Seb : Je ne suis pas sûr de tout me souvenir moi-même… (rires) Après la sortie de notre deuxième EP, on a eu quelques belles dates pour le défendre. Puis certains des membres du groupe ont été pas mal occupés par la sortie d’un album de The Loire Valley Calypsos, dans lequel ils jouent également. On est alors retournés jouer à Austin, juste en trio, fin 2016. Au retour Sam, notre guitariste a rejoint lui-aussi The Loire Valley Calypsos. Xavier, notre clavier multi-instrumentiste, joue avec Markus and Shahzad, et moi-même j’ai été pris par divers projets plus rémunérateurs. Cherry Plum est donc peu à peu passé au second plan sans qu’on s’en rende bien compte. On avait pourtant déjà commencé à enregistrer une petite poignée de nouveaux titres.

On les retrouve sur « Allen Street » ?

Oui, bien sûr. Le single qu’on a déjà sorti, « Looking for troubles », est issu de ces vieilles sessions de 2016. Le reste des morceaux est davantage le résultat de démos qu’on a travaillé à deux ou trois, avec Sam et Xavier donc. Jusqu’à se dire qu’on tenait un album malgré le fait que l’activité du groupe était un peu au point mort. On a donc fait écouter le fruit de notre travail à Antoine (le batteur) et Pierre (le bassiste) qui ont eu envie de poser dessus. On a enregistré chez les Lo’Jo à l’été 2017. Le gros de l’album était fini à ce moment.

Et ce disque ne sort que maintenant ?

Une fois que le disque a été enregistré, il a fallu se poser la question de défendre son existence. Et le problème de la disponibilité de tout le monde restait entier. On a beaucoup tergiversé. En fait, ce qui était compliqué, c’est que dès le départ rien n’avait été véritablement défini. Le noyau du groupe, à la base, c’était censé être Sam et moi. Xavier, Pierre et Antoine devaient plutôt être des intervenants ponctuels. Mais très rapidement, comme ce sont de super musiciens et de belles personnes, ils se sont révélés indispensables à l’identité de Cherry Plum. Mais leur manque de disponibilité compliquait un peu les choses.

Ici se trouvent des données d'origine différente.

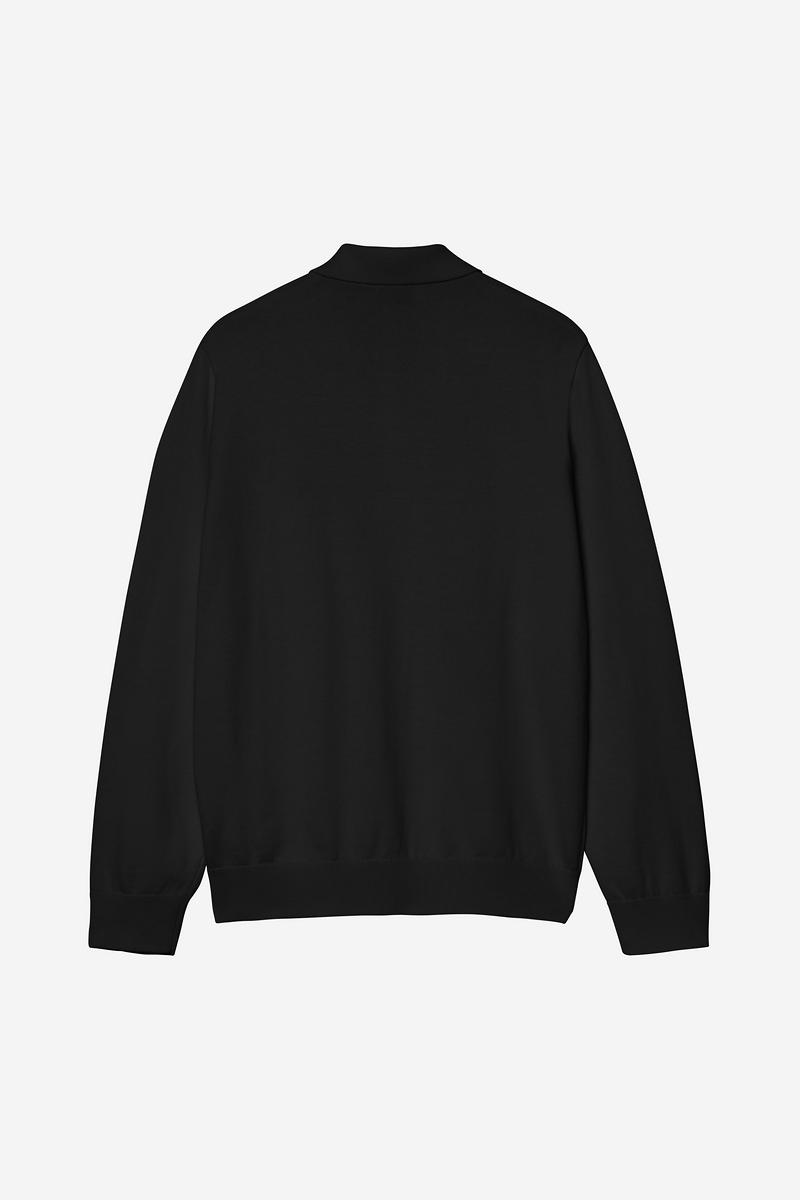 Carhartt L/S Madison Polo - Schwarz / Weiß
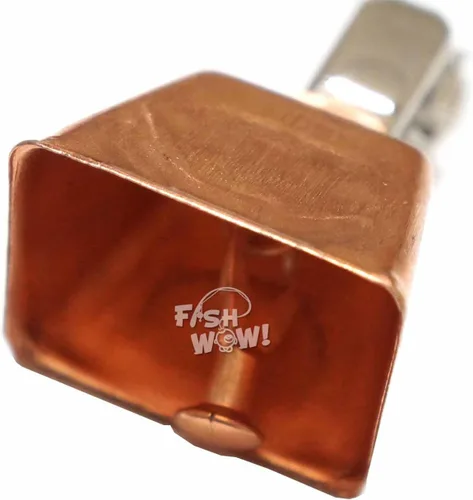 Miniatura 4 de 10 unids Pesca de cobre Campana de alerta con pinza de águila clips cebos alarma campanas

Continuer sans eux ? Tout arrêter ? Le temps a passé sans qu’on prenne de réelle décision. Finalement, c’est Xavier et Sam qui m’ont beaucoup encouragé à jouer ces morceaux en solo. On était tous d’accord pour dire que les chansons étaient bien. C’était dommage de ne pas les faire entendre. Xavier m’a aidé à les réarranger pour un set en solo et je les ai jouées pendant un an ou deux comme ça, y compris sur un troisième séjour à Austin. J’y ai pris beaucoup de plaisir, à mon grand étonnement. Et puis récemment j’ai eu envie de clore ce chapitre en sortant ce disque. Je ne sais pas si ça veut dire mettre fin à Cherry Plum, mais en tout cas ça semblait important de sortir ce disque pour pouvoir démarrer une nouvelle page. Je me suis donc motivé pour qu’on termine les dernières touches qu’il restait à apporter à l’album, et on devait se faire une double soirée de release au Joker’s en avril au grand complet. Mais une épidémie mondiale est passée par là. On va se rattraper plus tard, j’espère. Pour l’instant, on jouera déjà en duo avec Sam au château du Plessis Macé le 4 juillet.

Je suis étonné que le gros du disque soit si ancien. Il y a une sacrée évolution par rapport au précédent EP…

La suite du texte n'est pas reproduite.